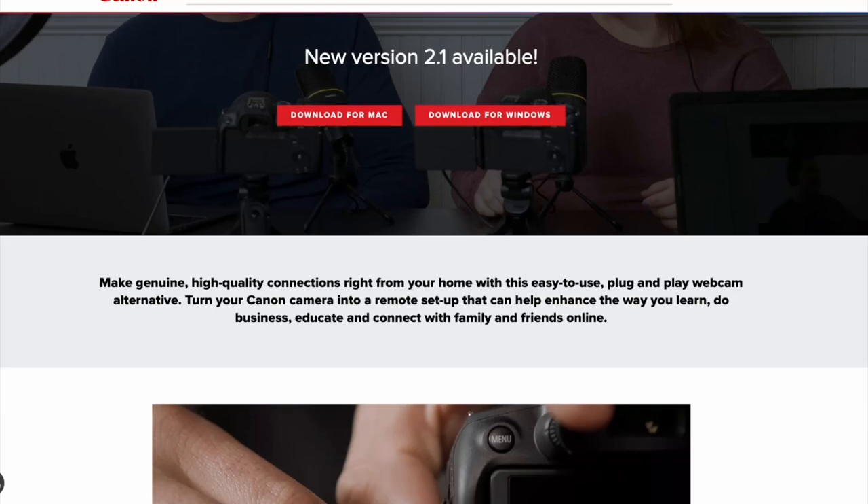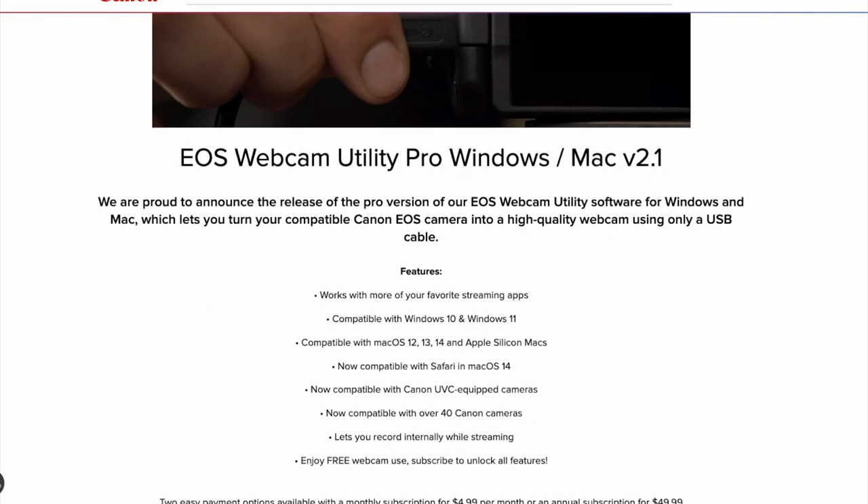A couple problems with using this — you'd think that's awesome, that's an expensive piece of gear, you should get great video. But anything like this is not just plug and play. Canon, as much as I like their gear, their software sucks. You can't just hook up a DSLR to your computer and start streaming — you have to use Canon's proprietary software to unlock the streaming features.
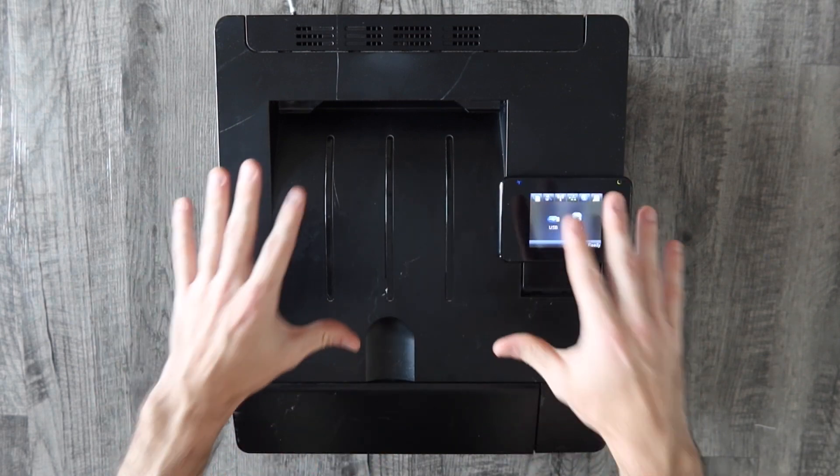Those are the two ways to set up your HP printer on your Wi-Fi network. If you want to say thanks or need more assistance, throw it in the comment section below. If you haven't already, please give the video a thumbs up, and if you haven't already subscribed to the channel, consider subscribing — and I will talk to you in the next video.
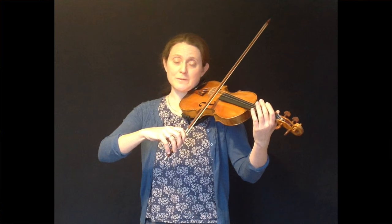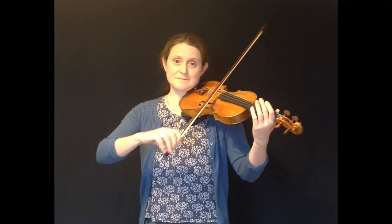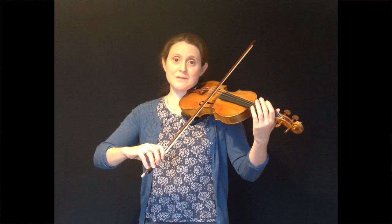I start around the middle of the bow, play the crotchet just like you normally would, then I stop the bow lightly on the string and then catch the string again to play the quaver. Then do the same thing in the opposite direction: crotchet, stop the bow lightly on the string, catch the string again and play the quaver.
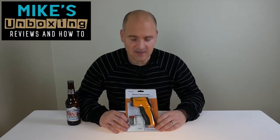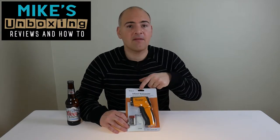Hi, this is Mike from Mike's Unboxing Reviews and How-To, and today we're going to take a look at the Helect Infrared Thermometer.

• _EXERCISE BRIEF_
Transcribe every line from the one containing "I start around" to the end of the listing, exactly and exclusively. Do not carry any picture over.

• _EXERCISE SOLUTION_
I start around the middle of the bow, play the crotchet just like you normally would, then I stop the bow lightly on the string and then catch the string again to play the quaver. Then do the same thing in the opposite direction: crotchet, stop the bow lightly on the string, catch the string again and play the quaver.
Hi, this is Mike from Mike's Unboxing Reviews and How-To, and today we're going to take a look at the Helect Infrared Thermometer.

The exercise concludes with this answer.